Because sometimes a status update just isn't enough.

13 June 2012

Braless Days and Braless Niights...

Ever have one of those days when all you really want to do is take your bra off?  

I'm having one of those lives, I think.

It's no great mystery (to me, anyway) that I'm a fairly smart girl... I was born on the cusp of Sagittarius and Capricorn (December 20... which is both incredibly fabulous as well as hideously sucky, both at the same time)  and spent most of my childhood deep in the throes of the Land of the Goat. (For those of you who follow astrology, you'll be all nodding your heads and going "Dayum... you must have been a HUGE pain in the ass as a child!  How did no one ever tape your butt cheeks together and shove you in a locker?" and for those of you who don't?  It means I was kind of exceptional and advanced, precocious, even... and didn't bother to hide it.  Think Sheldon Cooper meets the Smart Girl from Scooby Doo, only with pigtails, an adorable little turned up nose, big brown eyes, and a snotty attitude.)


Except I wasn't.  I was born next door to the Sign of the Goat.


My parents, being educators, didn't bother to curb my obnoxiousness.  If anything, they encouraged it.  They were all, "I know!  Let's teacher her how to sing all her nursery rhymes in Latin when she's 2 and have her perform them at board meetings!  That'll KILL them!"  And so they did.

Then they were all, "You know what would be a GREAT idea?  Let's have her READING AT A 6TH GRADE LEVEL WHEN SHE'S 4!!  THAT WILL MAKE HER THE MOST WELL LOVED CHILD IN PRESCHOOL!"

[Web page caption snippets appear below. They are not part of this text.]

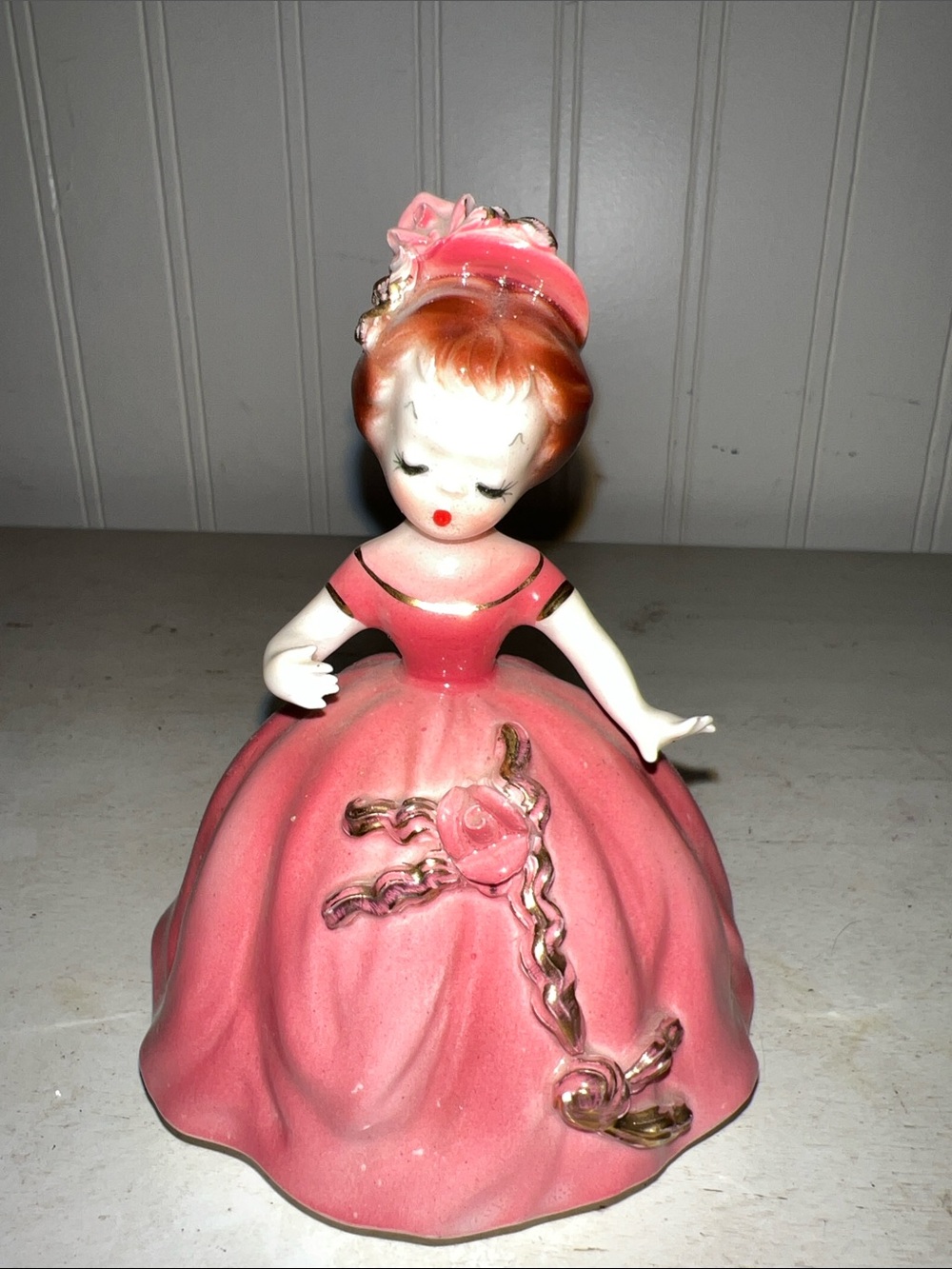 Vintage Arnart Cherchez La Femme 7616 Figurine, Vintage 1950's Ceramic Figurine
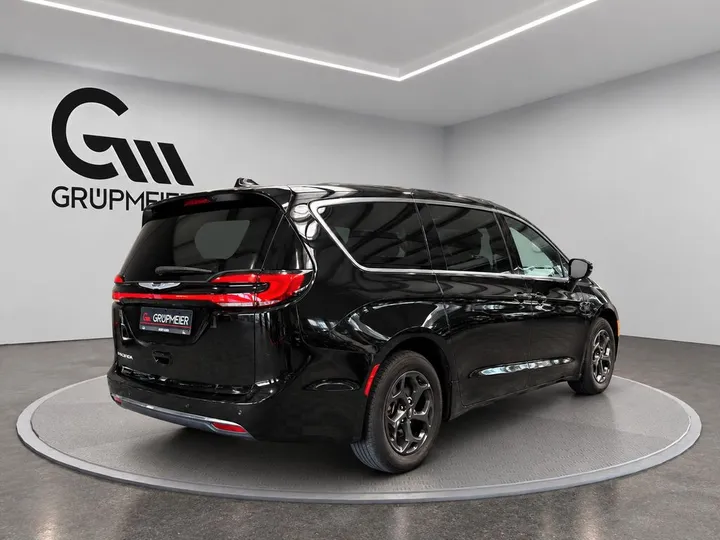 Chrysler Pacifica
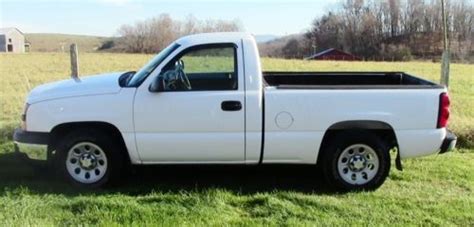 Find Used 2007 Chevy 1500 2 Door Pickup Truck Chevrolet Reg Cab V6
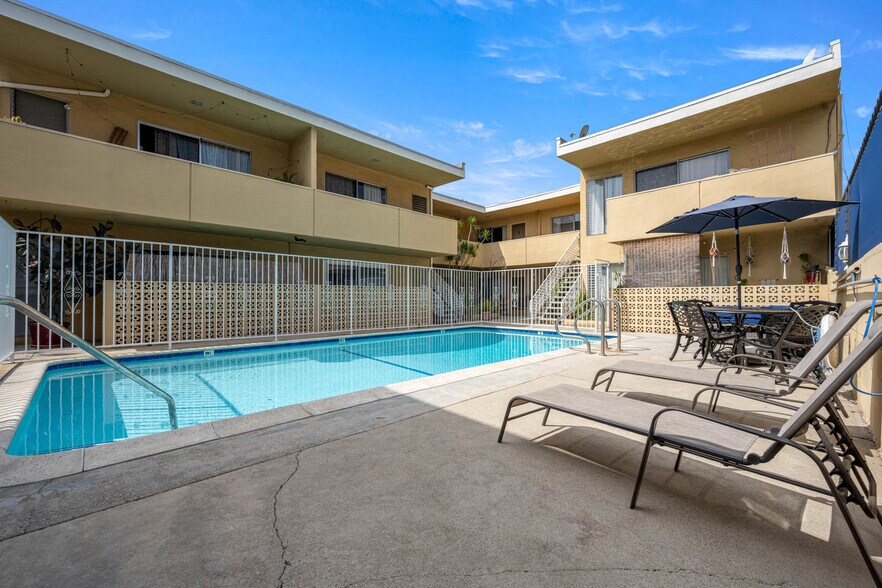 2050 Rodney Dr, Los Angeles, CA à vendre - Photo de l’immeuble – Image 2 sur 11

So I did.  I would peruse the Reader's Digest Condensed Books and look up the words I didn't understand in the Oxford English Dictionary.  While the other "kidneygardeners" (whom I felt it was my duty to correct and educate, I mean, MY GOD... who the hell were their parents?  Some ignorant yokels who were breeding willy-nilly in the backwoods of California's Bay Area?) were reading Jack and Jill, I was perusing Time Magazine and trying to finish Gone With The Wind while tolerating the incredible stupidity of Scarlett O'Hara.  Bonnie Blue Butler was a complete imbecile if falling off a pony rendered her dead, Scarlett. I'm pretty sure that's when I invented the Subtle Eye roll.  It's different than the regular eye roll, where you roll your eyes obviously and deliberately to let the other person realize you think they're wearing their ass as a hat.  No, the SUBTLE eye roll (spell check keeps trying to change "eye roll" to "egg roll"... fuck you, spell check... I don't need your help) is when you quietly wait until the other person is finished being moronic and begins to walk away, and you roll your eyes politely to yourself, while mentally slapping them upside their dayum stupid heads.  

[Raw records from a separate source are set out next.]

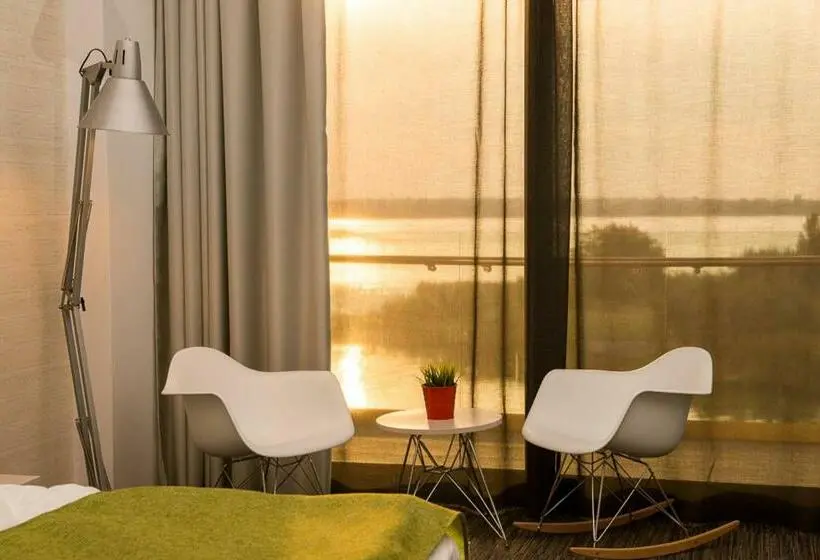 Quarto standart vista lago, On Plonge Junior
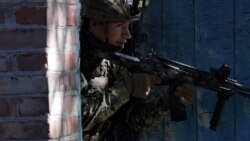 Njësiti ukrainas kujton betejën për ta çliruar qytezën lindore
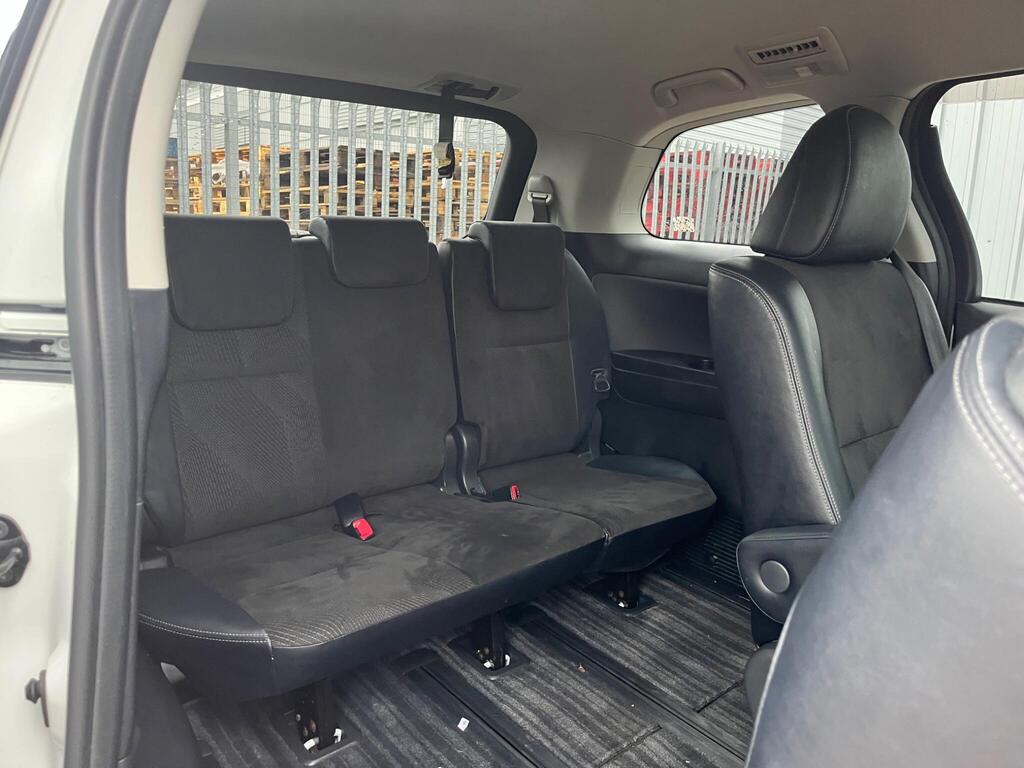 Toyota Estima 39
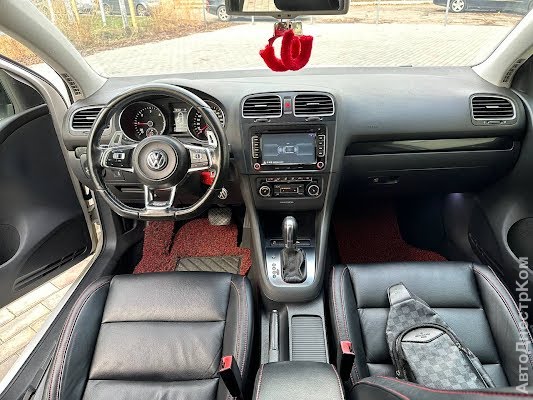 продам авто Volkswagen Golf Golf VI фото 3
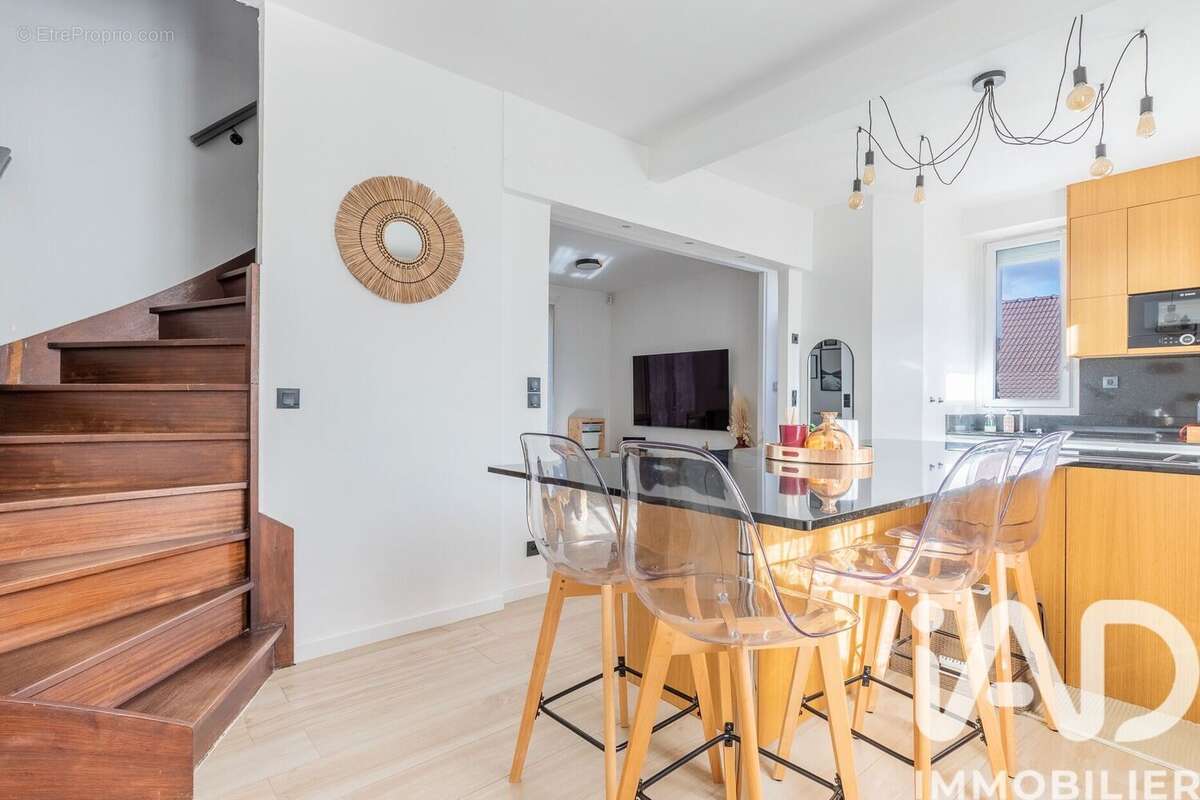 Photo 5 - Maison à VILLENEUVE-LE-ROI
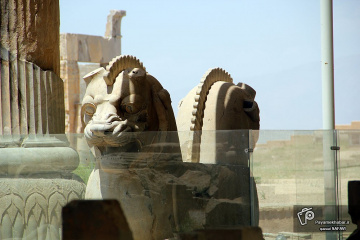 تخت جمشید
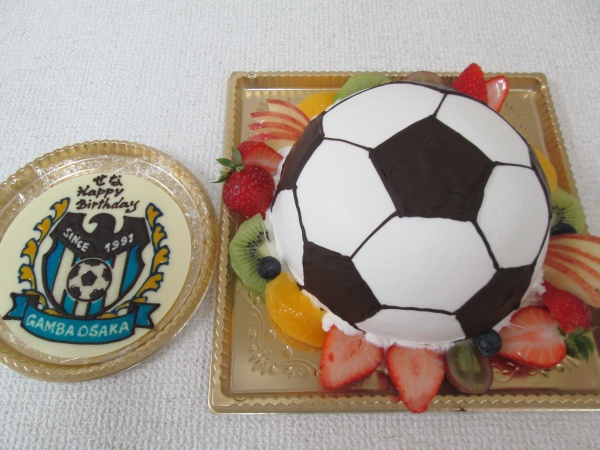 バースデーケーキに サッカーボール立体形ケーキにガンバ大阪のロゴプレート付で 大阪市東住吉区 パティスリーデコ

Then you go back to reading your 1200 page book while the other peasants in your  Kindgergarten class insist on calling it "Kidneygarden," playing house, and reading Dr. Seuss.

Which was, in my 5 year old opinion, little more than a big fat waste of time.

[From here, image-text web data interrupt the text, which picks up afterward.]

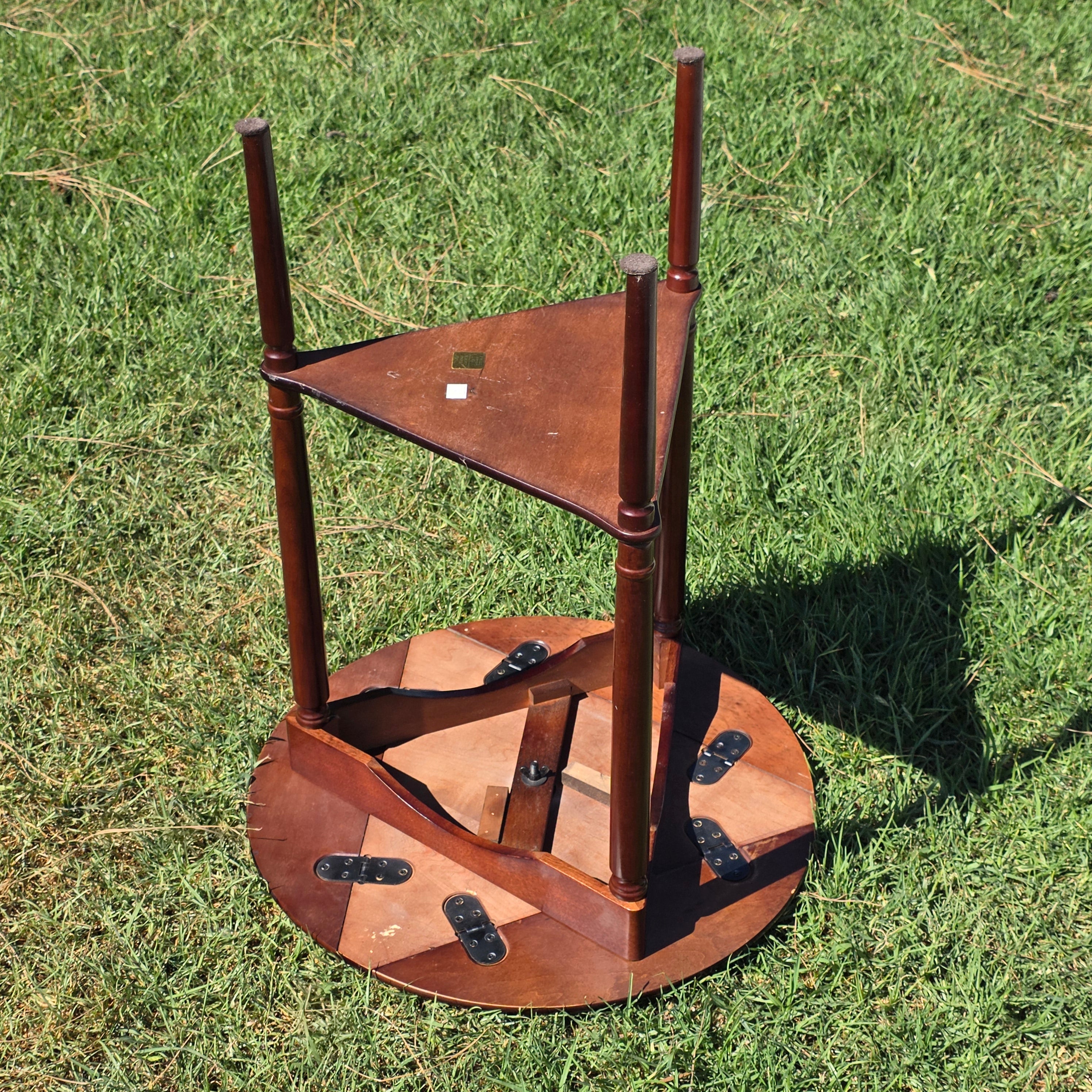 Bombay Company Vintage Drop Leaf Round Side Table Triangle 3-Way Folding 2003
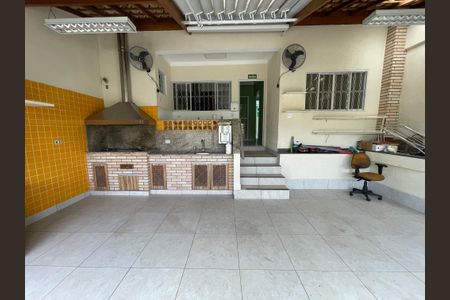 Casa para alugar com 227m², 4 quartos e 2 vagasQuintal / Churrasqueira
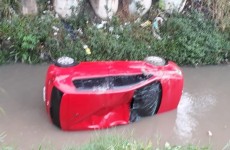 Carro cai em córrego após fuga em Itaquá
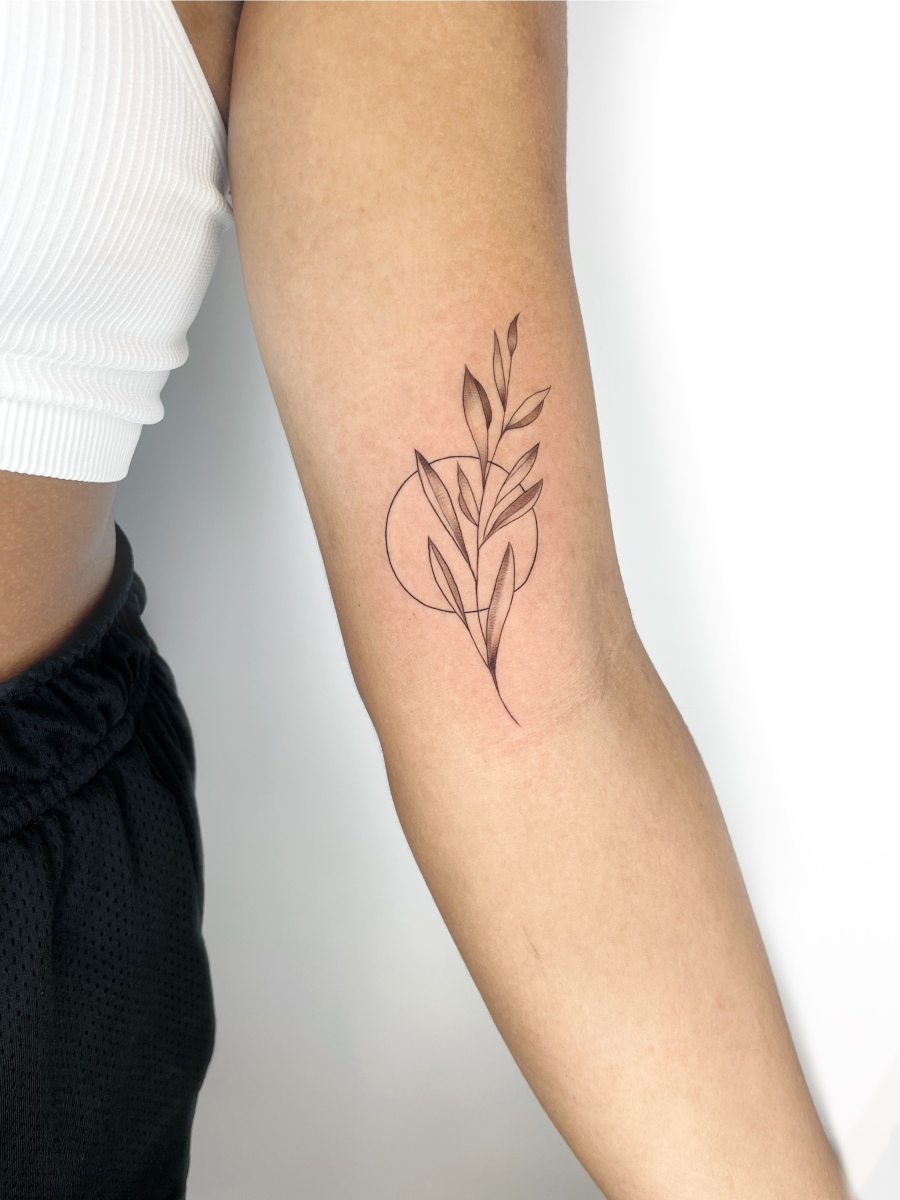 Delicate Female Tattoo On Arm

Unfortunately, my parents didn't have the common sense to let me skip all the bullshit of elementary school and just go to high school, where I obviously belonged.


5 year old me knew that Dr. Seuss was just a desperate over-rhymer.




Would you like to know how to make every adult in the history of the world hate your child?

Because my parents could have written a book on it.

Here's how:

Turn off the television when she's 7, teach her to repeat, "Television is destroying the minds of the youth of America and creating a nation of illiterates" so that she can tell all of her friends and teachers how fucking stupid they are when they're talking about the freaking Brady Bunch, and then hand her the Encyclopedia Britannica and tell her to read it.  All 26 volumes.  Which she'll do, because she doesn't have tv and she's BORED OUT OF HER FUCKING MIND.

To entertain herself, she'll do things like inform her slightly racist grandmother than her father is half black, which is why her sister has curly hair. (And which her grandmother will believe for years after, until finally bringing it up at a family get together and shocking the shit out of her parents upon finding out about their African American heritage.)

Or announce, at Easter dinner, when being asked by her grandfather what she wants to be when she grows up, that she plans on moving to New York and becoming a call girl.

Or she'll possibly spend an entire afternoon artfully placing burrs in the very long hair of the horrible little girl who lives next door to her because she's fed up with her stupid questions and non-stop tattling, then convincing said horrible little girl that she's a witch and will put a spell on her if she so much as breathes a word about  it after she needs 14 inches of her hair cut off.

On the other hand, she might also convince herself that the bedtime prayer "Now I Lay Me Down To Sleep" is on par with a Death Sentence and will lie awake each night waiting to die, thanks to the oh so comforting line "If I should die before I wake, I pray the Lord my soul to take."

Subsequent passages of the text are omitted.